Plus, Lee has no partner for the 50-50 coin flip. Gruden thus had to get creative – with tongue in cheek, it appears – when thinking of a player who could take Lee's spot if he's unable to go.
"He's getting better and he's questionable also," said Gruden. "So we might need to use [offensive tackle Todd] Steussie as a wide receiver this week; we're working with him. He's capable of stretching the field. He's very athletic. You'd be surprised."
Assuming the 320-pound Steussie isn't going to be running any hitch-and-goes (or is it hitches-and-go?) on Sunday, the Bucs have to hope they can get at least one or two of those three receivers to fall on the good side of questionable.
If not, well it really won't be much of a departure from the way the rest of the season has gone.
"We've had to adjust to too many changes at that position; it's not new to us," said Gruden. "We've had four different starters at split end in seven games, so if we have another one this week, that will be just another part of the growing pains, I guess."
Second-year quarterback Chris Simms, who earned an elevation to the starting lineup in Week Five only to suffer an injury to his throwing shoulder in the first quarter at New Orleans, is the fourth player to appear under the questionable heading on the injury report.
Though the team had the day off, Simms came to team headquarters on Tuesday morning to conduct his most extensive throwing workout since suffering the injury on October 10. The session was promising; even more so was the way Simms felt on Wednesday morning.
"That's been the most encouraging thing," he said. "Yesterday was the first day I've really thrown the ball hard, and I woke up today and felt great. It has been getting better and better every day. If I wasn't playing quarterback, I would have been playing two weeks ago. Since it's my throwing shoulder, it's a strange injury."
Brian Griese will make his third consecutive start on Sunday and has put somewhat of a grip on the job with his outstanding play. Brad Johnson, the starter in the first four games, is likely to serve as the primary backup again as Simms's encouraging progress may not be enough to convince the team he is fully recovered.
(on Chris Simms) "He's getting better but he's not quite ready to go," said Gruden. "I expect him to be very questionable to be able to play."
Simms said he plans to throw again on Thursday.
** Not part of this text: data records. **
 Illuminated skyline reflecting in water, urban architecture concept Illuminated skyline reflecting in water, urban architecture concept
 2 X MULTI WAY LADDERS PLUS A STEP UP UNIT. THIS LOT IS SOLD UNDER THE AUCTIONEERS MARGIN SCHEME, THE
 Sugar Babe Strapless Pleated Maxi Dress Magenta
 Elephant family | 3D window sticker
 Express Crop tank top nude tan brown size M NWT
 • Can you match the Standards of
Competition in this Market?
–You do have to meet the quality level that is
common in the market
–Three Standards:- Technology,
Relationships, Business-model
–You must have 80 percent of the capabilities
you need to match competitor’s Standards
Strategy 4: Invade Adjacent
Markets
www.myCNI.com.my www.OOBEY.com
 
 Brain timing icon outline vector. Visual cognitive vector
While he might make about 150 tosses a day during a normal week of preparation for a game, he is currently throwing about 75-80 times a day. He is easing his way back to full strength.
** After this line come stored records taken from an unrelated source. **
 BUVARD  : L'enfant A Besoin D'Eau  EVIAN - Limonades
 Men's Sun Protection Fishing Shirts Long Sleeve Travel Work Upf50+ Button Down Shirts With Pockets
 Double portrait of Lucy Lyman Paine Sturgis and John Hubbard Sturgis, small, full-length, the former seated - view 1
"I probably could throw it 150 times but there's just no point in trying to test it right now," said Simms.
Brooks: An MVP Again
Linebacker Derrick Brooks was named the Ameriquest Neighborhood MVP for Week 6 of the NFL regular season.
Brooks was honored for his work in Pensacola with victims of Hurricane Ivan. Mere days after Ivan ravaged the panhandle, Brooks went to work restoring the town in which he grew up. Organizing a collection at the Buccaneers' September 19 home game and pledging $1,000 for every tackle during the same game, Brooks, along with thousands of generous Buccaneer fans, was able to raise $45,000 (to date). Brooks also recorded PSAs that ran at that game and continue to run on local sports radio stations. With Thanksgiving just around the corner, Brooks is also planning to donate 100 turkey dinners with all the trimmings to the families of Boys and Girls Club members in Pensacola.
The Ameriquest Neighborhood MVP Award recognizes an NFL player each week during the regular season for his dedication to making physical improvements to neighborhoods in his community.
The winners of the Ameriquest Neighborhood MVP Award are selected each week for their outstanding work in their community. Ameriquest also makes a $1,000 donation each week to the charitable organization designated by the Neighborhood MVP.